:: Data provided ::
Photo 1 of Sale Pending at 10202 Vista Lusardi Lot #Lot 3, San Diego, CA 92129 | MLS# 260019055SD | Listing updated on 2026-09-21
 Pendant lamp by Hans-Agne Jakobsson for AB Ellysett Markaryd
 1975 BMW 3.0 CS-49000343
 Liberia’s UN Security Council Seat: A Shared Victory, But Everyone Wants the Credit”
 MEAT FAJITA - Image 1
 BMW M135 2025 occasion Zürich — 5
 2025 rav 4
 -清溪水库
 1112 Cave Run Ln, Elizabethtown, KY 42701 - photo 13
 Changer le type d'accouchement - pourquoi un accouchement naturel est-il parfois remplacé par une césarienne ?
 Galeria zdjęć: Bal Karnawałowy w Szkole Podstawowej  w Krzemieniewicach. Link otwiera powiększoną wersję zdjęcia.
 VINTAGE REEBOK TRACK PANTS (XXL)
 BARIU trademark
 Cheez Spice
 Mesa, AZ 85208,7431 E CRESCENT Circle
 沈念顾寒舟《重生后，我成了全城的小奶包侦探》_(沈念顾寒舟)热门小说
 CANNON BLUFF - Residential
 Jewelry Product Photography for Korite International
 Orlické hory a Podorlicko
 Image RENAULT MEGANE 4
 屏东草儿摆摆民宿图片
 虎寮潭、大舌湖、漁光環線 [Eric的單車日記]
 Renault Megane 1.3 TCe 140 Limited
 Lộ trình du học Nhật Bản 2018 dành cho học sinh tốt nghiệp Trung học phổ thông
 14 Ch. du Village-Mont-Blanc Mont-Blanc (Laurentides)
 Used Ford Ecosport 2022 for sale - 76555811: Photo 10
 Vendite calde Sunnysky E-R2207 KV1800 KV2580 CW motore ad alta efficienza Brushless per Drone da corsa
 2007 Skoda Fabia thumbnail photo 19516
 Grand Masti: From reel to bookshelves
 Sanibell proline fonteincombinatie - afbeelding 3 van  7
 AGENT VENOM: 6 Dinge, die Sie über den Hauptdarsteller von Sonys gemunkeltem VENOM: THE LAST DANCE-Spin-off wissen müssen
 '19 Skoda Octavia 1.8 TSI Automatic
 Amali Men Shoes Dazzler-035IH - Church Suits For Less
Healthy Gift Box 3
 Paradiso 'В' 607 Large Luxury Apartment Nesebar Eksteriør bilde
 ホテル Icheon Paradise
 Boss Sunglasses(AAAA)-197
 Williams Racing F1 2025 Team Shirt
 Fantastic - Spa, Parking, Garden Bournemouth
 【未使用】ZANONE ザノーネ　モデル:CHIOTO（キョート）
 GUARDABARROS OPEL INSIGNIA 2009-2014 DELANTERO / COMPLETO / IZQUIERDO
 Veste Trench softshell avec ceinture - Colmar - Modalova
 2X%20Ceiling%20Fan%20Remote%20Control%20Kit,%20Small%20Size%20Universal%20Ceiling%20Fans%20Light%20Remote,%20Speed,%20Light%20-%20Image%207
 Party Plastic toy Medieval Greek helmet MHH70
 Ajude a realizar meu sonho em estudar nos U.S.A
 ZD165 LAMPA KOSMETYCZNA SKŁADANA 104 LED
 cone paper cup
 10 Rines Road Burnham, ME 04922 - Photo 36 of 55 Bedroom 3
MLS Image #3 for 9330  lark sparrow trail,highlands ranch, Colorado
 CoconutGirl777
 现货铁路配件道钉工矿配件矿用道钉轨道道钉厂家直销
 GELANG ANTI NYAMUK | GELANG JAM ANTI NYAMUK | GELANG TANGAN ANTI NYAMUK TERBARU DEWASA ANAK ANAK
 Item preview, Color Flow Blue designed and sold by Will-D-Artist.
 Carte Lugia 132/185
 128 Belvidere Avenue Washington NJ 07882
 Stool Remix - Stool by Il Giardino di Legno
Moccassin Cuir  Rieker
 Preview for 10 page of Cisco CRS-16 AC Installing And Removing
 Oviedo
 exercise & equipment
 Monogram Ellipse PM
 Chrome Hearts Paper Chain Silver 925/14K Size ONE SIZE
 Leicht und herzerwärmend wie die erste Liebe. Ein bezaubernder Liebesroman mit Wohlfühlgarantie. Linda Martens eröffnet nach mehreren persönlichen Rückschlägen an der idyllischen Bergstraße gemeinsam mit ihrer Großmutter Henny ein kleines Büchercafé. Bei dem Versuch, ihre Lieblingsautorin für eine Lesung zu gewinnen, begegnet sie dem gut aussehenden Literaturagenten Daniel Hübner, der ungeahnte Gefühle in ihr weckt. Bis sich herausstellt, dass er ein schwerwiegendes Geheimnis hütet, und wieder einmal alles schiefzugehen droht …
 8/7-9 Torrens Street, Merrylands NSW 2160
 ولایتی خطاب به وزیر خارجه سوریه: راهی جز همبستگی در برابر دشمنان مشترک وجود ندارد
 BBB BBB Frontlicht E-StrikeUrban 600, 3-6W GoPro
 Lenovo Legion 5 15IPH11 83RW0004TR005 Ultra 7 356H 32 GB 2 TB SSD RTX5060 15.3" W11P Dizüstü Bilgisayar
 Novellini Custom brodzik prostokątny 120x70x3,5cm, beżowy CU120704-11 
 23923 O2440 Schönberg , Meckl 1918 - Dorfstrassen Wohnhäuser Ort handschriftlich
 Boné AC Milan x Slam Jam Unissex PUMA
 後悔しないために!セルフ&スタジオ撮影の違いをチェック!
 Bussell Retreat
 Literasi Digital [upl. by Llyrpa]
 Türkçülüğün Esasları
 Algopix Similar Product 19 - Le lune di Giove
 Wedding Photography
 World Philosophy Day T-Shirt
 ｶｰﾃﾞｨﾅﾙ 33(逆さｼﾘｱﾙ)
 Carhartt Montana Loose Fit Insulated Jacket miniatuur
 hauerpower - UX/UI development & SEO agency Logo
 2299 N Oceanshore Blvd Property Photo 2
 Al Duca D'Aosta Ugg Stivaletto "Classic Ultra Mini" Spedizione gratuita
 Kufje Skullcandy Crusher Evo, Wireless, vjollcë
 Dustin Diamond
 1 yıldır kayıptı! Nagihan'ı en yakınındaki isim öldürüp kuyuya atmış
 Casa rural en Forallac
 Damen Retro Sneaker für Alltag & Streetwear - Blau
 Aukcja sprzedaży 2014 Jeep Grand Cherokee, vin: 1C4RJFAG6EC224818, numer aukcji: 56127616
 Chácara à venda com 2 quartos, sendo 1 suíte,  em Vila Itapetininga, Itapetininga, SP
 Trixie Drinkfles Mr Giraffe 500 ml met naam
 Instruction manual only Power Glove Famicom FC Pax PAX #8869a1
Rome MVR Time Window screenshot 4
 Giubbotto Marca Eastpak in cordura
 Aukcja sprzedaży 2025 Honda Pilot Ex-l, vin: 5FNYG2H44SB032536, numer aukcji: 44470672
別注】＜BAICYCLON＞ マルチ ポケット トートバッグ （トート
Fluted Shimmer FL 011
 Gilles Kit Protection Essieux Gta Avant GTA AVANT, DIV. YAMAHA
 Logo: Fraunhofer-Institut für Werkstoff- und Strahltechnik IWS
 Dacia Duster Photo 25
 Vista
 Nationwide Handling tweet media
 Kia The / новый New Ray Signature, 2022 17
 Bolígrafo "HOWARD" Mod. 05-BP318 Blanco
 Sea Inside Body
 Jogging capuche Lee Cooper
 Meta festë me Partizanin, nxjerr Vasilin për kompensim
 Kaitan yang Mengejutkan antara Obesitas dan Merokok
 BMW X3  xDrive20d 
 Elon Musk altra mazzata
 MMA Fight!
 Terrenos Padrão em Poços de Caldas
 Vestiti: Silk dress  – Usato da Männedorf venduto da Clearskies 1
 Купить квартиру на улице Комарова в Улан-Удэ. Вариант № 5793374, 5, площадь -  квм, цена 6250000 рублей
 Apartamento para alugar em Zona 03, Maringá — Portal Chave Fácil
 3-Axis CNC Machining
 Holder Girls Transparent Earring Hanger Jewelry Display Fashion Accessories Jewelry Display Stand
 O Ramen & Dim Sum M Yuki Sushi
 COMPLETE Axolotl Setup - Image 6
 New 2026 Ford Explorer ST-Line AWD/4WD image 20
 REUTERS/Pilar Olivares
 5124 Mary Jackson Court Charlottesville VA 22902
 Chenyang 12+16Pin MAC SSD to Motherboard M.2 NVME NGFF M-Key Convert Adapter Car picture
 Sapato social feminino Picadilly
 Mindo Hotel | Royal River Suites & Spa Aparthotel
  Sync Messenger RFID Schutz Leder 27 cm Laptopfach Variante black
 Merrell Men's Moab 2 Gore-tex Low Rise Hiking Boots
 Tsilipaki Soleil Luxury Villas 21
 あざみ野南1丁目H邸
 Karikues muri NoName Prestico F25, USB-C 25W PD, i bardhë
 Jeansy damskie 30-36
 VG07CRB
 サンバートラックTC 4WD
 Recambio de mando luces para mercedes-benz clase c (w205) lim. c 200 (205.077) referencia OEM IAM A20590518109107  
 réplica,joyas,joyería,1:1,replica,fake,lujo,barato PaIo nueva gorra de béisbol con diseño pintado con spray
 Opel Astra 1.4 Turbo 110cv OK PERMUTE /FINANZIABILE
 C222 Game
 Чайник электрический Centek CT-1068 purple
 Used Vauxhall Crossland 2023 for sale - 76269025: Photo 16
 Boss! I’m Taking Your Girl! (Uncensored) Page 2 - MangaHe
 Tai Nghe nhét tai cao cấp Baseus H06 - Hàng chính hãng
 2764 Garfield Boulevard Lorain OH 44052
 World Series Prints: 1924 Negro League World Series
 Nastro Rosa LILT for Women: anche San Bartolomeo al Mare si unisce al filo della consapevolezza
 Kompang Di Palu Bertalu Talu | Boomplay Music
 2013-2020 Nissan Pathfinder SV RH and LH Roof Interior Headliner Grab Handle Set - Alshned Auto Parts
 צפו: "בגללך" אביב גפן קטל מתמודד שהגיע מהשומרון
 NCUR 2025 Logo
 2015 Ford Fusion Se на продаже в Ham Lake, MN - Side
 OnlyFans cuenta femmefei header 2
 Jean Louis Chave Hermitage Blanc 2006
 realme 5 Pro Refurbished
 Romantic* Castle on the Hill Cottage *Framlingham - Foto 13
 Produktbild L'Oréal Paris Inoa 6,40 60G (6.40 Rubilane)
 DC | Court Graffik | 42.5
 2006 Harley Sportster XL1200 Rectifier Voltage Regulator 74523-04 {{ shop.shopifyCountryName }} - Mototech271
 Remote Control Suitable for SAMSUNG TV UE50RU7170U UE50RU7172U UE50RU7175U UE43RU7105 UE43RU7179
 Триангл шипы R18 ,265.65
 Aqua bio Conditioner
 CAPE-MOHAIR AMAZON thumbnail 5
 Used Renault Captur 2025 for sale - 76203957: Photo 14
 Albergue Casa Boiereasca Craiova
:::
What is needed:
In the answer, the lines from the first line of the data above through the line containing "Used Ford Ecosport" must appear exactly as written, with nothing else.

Written solution:
Photo 1 of Sale Pending at 10202 Vista Lusardi Lot #Lot 3, San Diego, CA 92129 | MLS# 260019055SD | Listing updated on 2026-09-21
 Pendant lamp by Hans-Agne Jakobsson for AB Ellysett Markaryd
 1975 BMW 3.0 CS-49000343
 Liberia’s UN Security Council Seat: A Shared Victory, But Everyone Wants the Credit”
 MEAT FAJITA - Image 1
 BMW M135 2025 occasion Zürich — 5
 2025 rav 4
 -清溪水库
 1112 Cave Run Ln, Elizabethtown, KY 42701 - photo 13
 Changer le type d'accouchement - pourquoi un accouchement naturel est-il parfois remplacé par une césarienne ?
 Galeria zdjęć: Bal Karnawałowy w Szkole Podstawowej  w Krzemieniewicach. Link otwiera powiększoną wersję zdjęcia.
 VINTAGE REEBOK TRACK PANTS (XXL)
 BARIU trademark
 Cheez Spice
 Mesa, AZ 85208,7431 E CRESCENT Circle
 沈念顾寒舟《重生后，我成了全城的小奶包侦探》_(沈念顾寒舟)热门小说
 CANNON BLUFF - Residential
 Jewelry Product Photography for Korite International
 Orlické hory a Podorlicko
 Image RENAULT MEGANE 4
 屏东草儿摆摆民宿图片
 虎寮潭、大舌湖、漁光環線 [Eric的單車日記]
 Renault Megane 1.3 TCe 140 Limited
 Lộ trình du học Nhật Bản 2018 dành cho học sinh tốt nghiệp Trung học phổ thông
 14 Ch. du Village-Mont-Blanc Mont-Blanc (Laurentides)
 Used Ford Ecosport 2022 for sale - 76555811: Photo 10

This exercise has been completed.